◆ **THE DATA**:
----
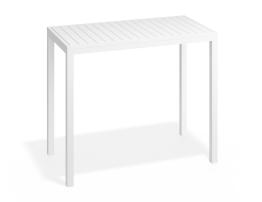 Halki Table - Outdoor - High Bar - 125cm x 65cm - White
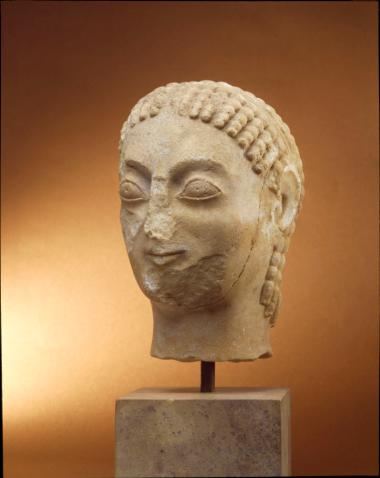 Κεφαλή Αρχαϊκού Κούρου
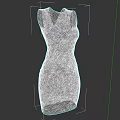 Red Sleeveless Fitted Dress For Women Casual Summer Fashion Wear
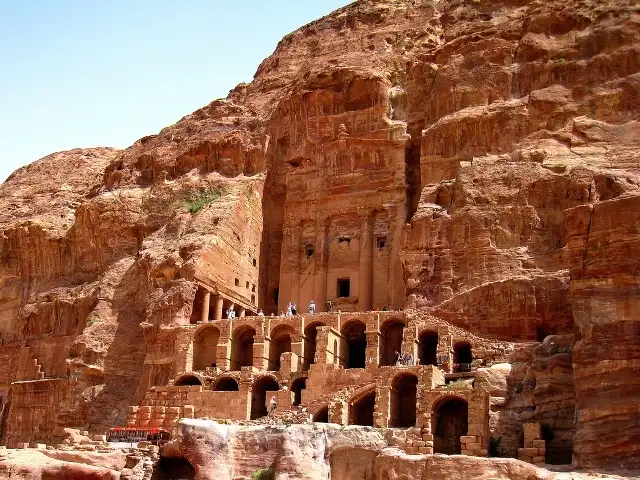 Royal Tombs in Petra Wiki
----
◆ **WORK TASK**: Produce a word-for-word version of the material, with no pictures included.

◆ **SOLUTION FOR THIS TASK**:
 Halki Table - Outdoor - High Bar - 125cm x 65cm - White
 Κεφαλή Αρχαϊκού Κούρου
 Red Sleeveless Fitted Dress For Women Casual Summer Fashion Wear
 Royal Tombs in Petra Wiki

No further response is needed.